Pengetahuan mengenai bencana alam telah disampaikan dengan menggunakan berbagai media seperti gambar, video maupun teks pendek. Beberapa murid terlihat bosan ketika menyaksikan video dari layar infocus, bahkan kehilangan kesabarannya saat mendengarkan ceramah dari guru.
Sesekali mencuri - curi kesempatan saat guru lengah dengan keluar dari bangkunya atau mulai menggoda teman di sebelahnya. Metode penyampaian yang telah dilakukan masih belum memberikan dampak. Materi pun belum diserap sepenuhnya oleh murid kelas 2 Sekolah Dasar yang mayoritas memiliki gaya belajar kinestetik. Hal ini dibuktikan dengan tanya jawab mengenai hal hal yang harus dilakukan saat terjadi bencana alam. Hanya beberapa murid yang mampu menjawab dengan baik, selebihnya menjawab tidak tahu, bingung. Salah seorang murid bahkan hanya mengatakan "kalau terjadi bencana aku takut tapi ga tahu harus bagaimana, mungkin nangis aja".
Penulis mencoba menyusun pembelajaran yang bisa diterima oleh murid dengan segala kondisi. Membuka kembali dokumentasi asesmen diagnostik yang telah dilakukan. Mencari inspirasi dari berbagai sumber dengan harapan bisa memberikan pembelajaran bermakna sehingga bisa diterapkan dalam keseharian.
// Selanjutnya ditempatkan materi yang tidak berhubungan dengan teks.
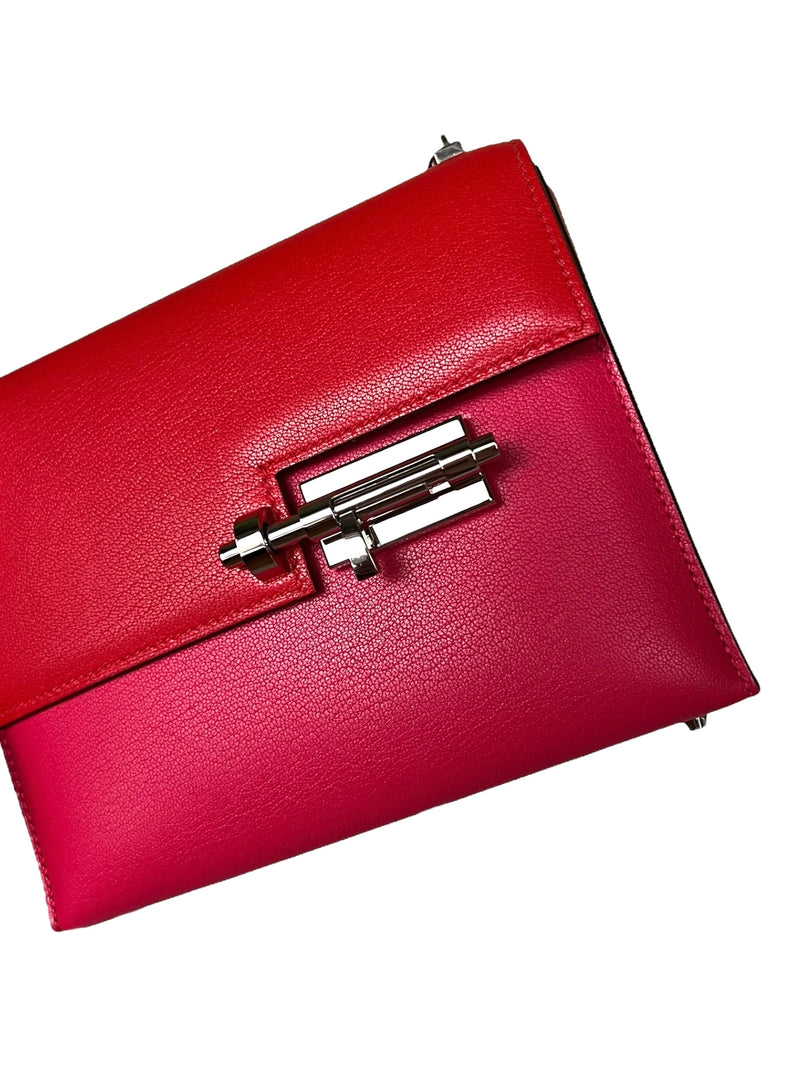 HERMES VERROU ROSE EXTREME ROUGE DE COEUR CHEVRE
Metode belajar sambil bermain dirasa menjadi pilihan terbaik. Tanpa menggunakan media dan biaya. Langkah awal yang dilakukan adalah memberikan informasi mengenai kegiatan yang akan dilakukan, tujuan, serta langkah-langkah pembelajaran. Penulis memulai kegiatan dengan mengatakan bahwa ada informasi penting yang harus didengarkan oleh murid. Perhatian mulai tertuju pada penyampaian instruksi karena murid merasa penasaran pada kegiatan yang akan dilakukan. Instruksi mengenai kegiatan disimak dengan baik.
Murid kemudian saling berhadapan dengan teman untuk menyanyikan lagu sambil menari dengan lirik seperti ini "Apa kabar, kita jumpa lagi. Senyum kanan senyum kiri kedipkan matamu ting ting, tepuk ke kanan, tepuk ke kiri, berkeliling-berkeliling" Di Akhir lagu penulis akan menyebutkan salah satu bencana alam seperti banjir, longsor, gempa bumi, angin puting beliung dan sebagainya.
Jika kata yang didengar adalah gempa bumi, maka murid akan keluar dari rumah menuju tanah lapang atau menjauhi bangunan. Jika kata yang didengar adalah banjir, maka murid akan naik ke atas kursi sebagai pengganti tempat yang tinggi.
Murid diberi kesempatan untuk minum disela-sela permainan karena kegiatan merupakan aktifitas fisik yang membuat para murid berkeringat. Begitu seterusnya sambil sesekali guru mengajukan pertanyaan-pertanyaan pemantik mengenai hal-hal yang harus dilakukan ketika terjadi bencana.